Stop after the line holding "CENOVE Swing Attachment". Repeat exactly every line before it in the records below, that line too, and leave out the pictures.
━━━ Material supplied
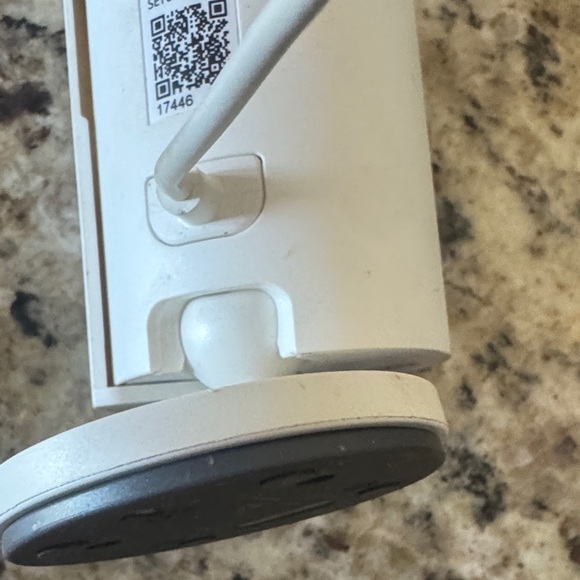 Ring White Motion Sensor Device - Picture 7 of 7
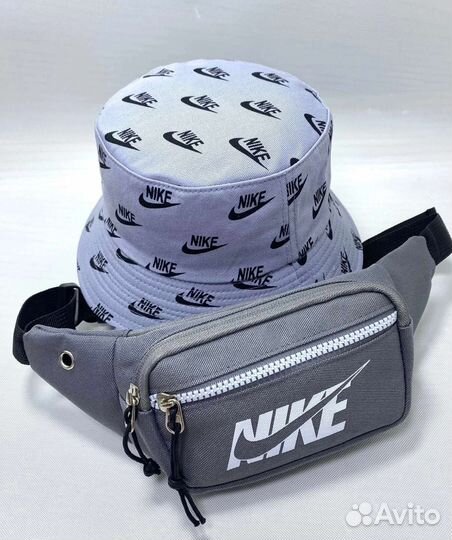 Панама и сумка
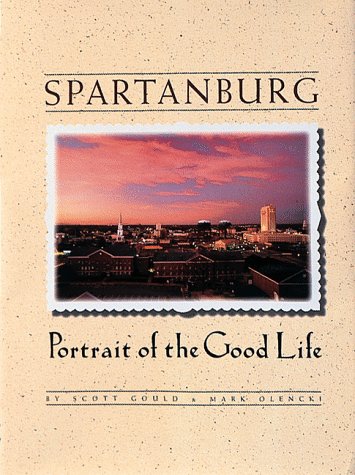 Book cover for Spartanburg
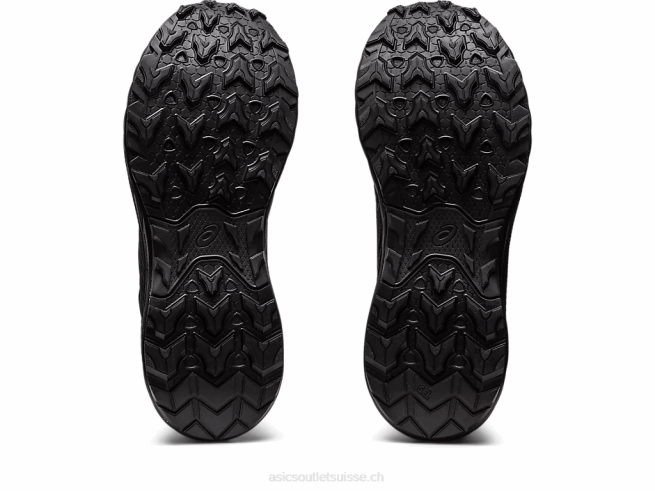 gel-venture extra large noir Asics L6N0K139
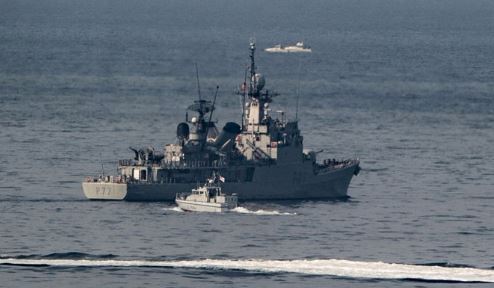 Γιβραλτάρ: Νέο «θερμό» επεισόδιο – Ισπανικό πλοίο παραβίασε βρετανικά ύδατα
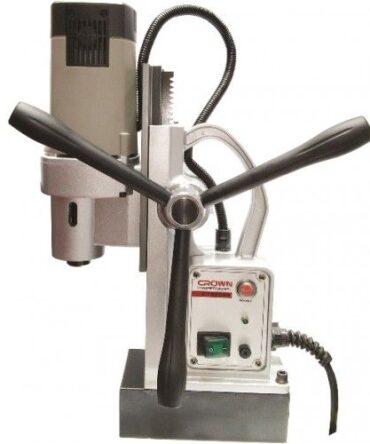 PERCEUSE A BASE MAGNETIQUE 1800W 200-600RPM CAP 32/60MM CROWN CT32030
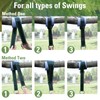 CENOVE Swing Attachment 2 x 150 cm, Tree Swing Strap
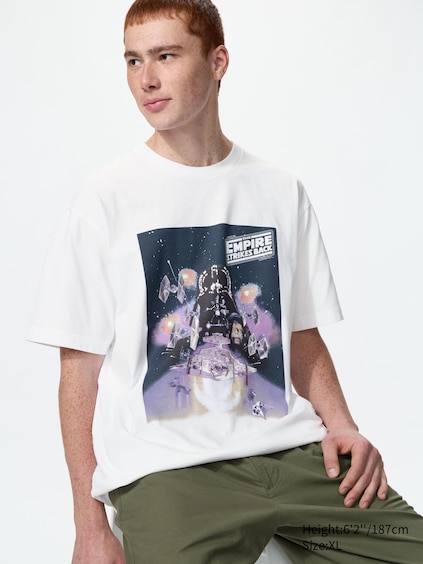 UNIQLO ส่งคอลเลคชั่นใหม่ของ Star Wars ต้อนรับการเข้าฉายของภาคใหม่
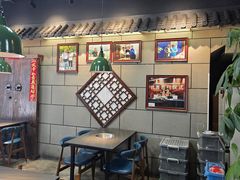 -超越炭火牛蛙火锅鸡(河东店)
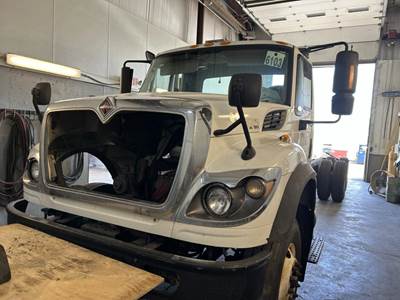 International WorkStar Cab Assembly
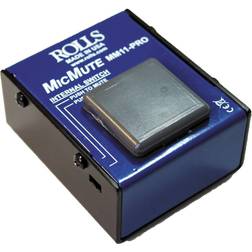 Rolls MM11 Pro Mic Mute Pedal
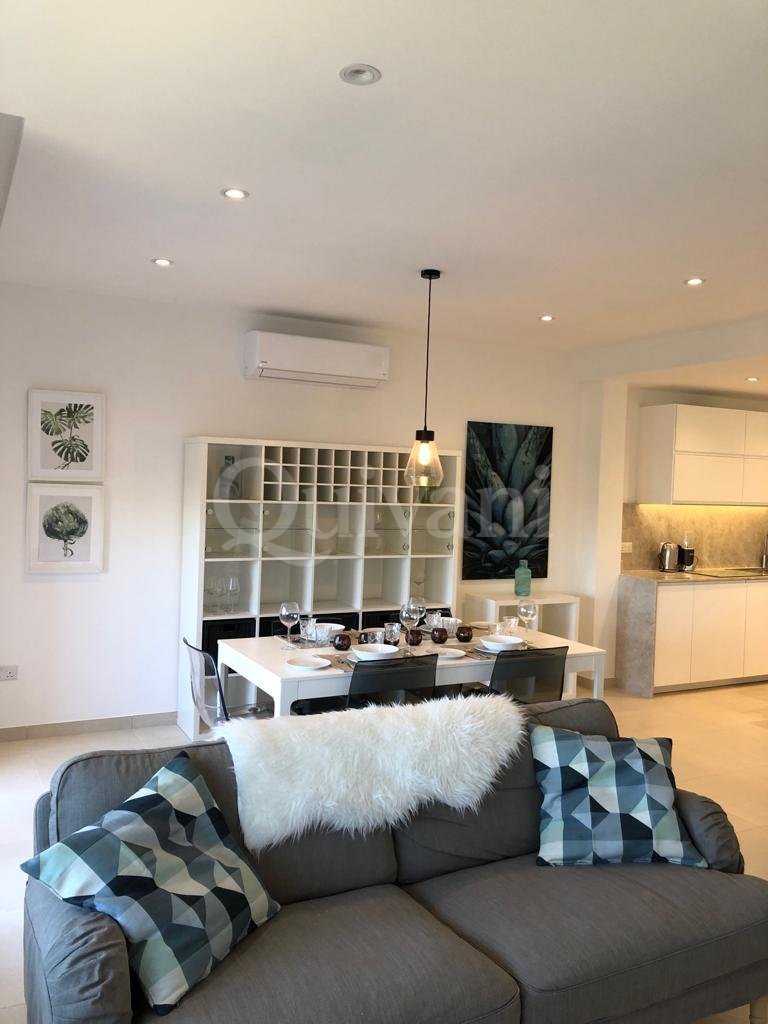 Madliena Furnished Penthouse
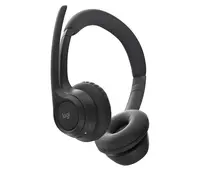 Logitech Zone 300 Wireless Headset - Black, image 3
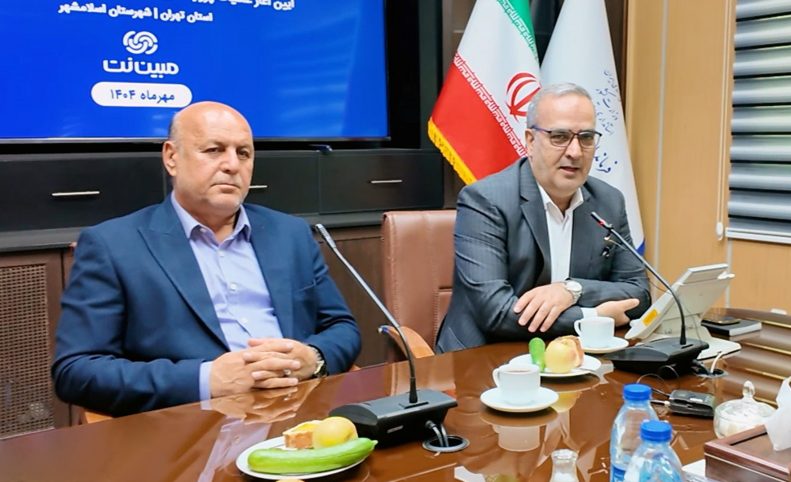 آغاز عملیات اجرایی پروژه فیبر نوری مبین‌نت در اسلامشهر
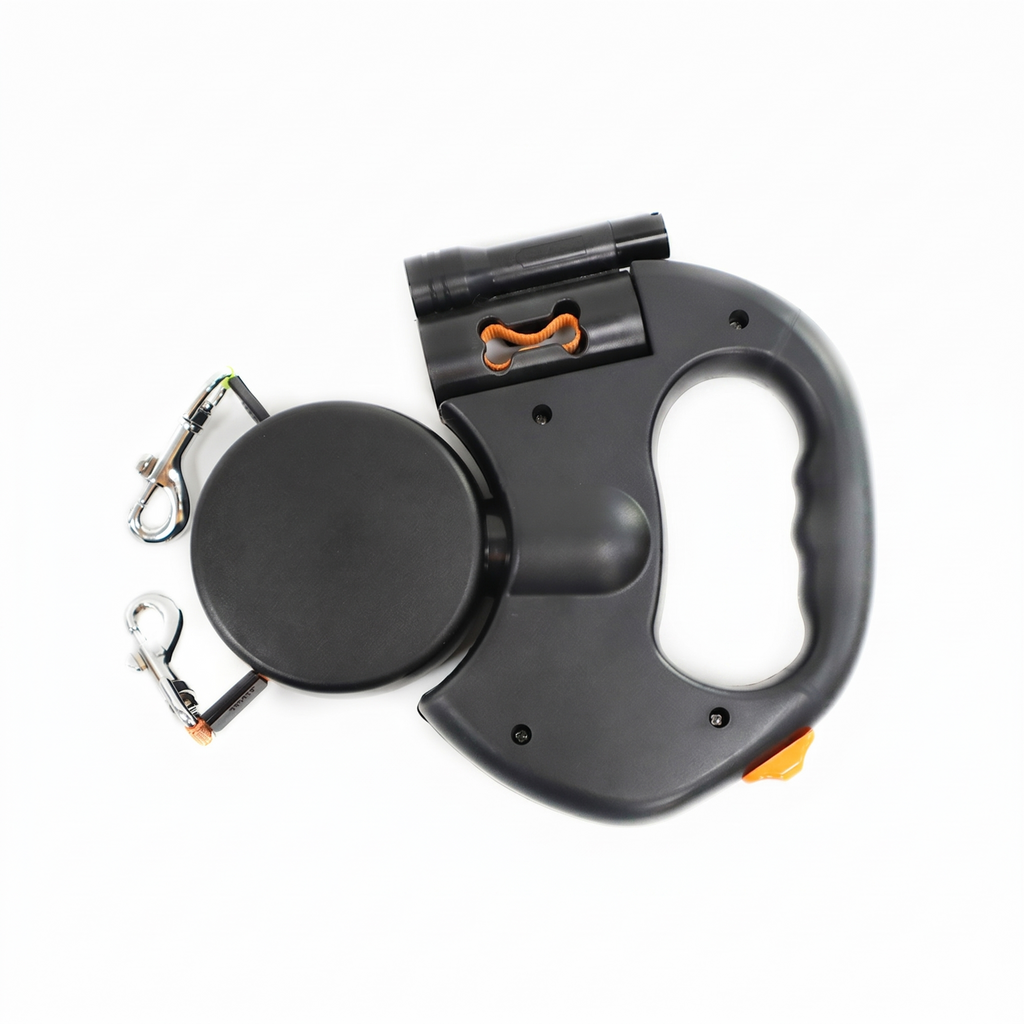 Double Retractable Leash🐾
━━━━━━
Finished task:
 Ring White Motion Sensor Device - Picture 7 of 7
 Панама и сумка
 Book cover for Spartanburg
 gel-venture extra large noir Asics L6N0K139
 Γιβραλτάρ: Νέο «θερμό» επεισόδιο – Ισπανικό πλοίο παραβίασε βρετανικά ύδατα
 PERCEUSE A BASE MAGNETIQUE 1800W 200-600RPM CAP 32/60MM CROWN CT32030
 CENOVE Swing Attachment 2 x 150 cm, Tree Swing Strap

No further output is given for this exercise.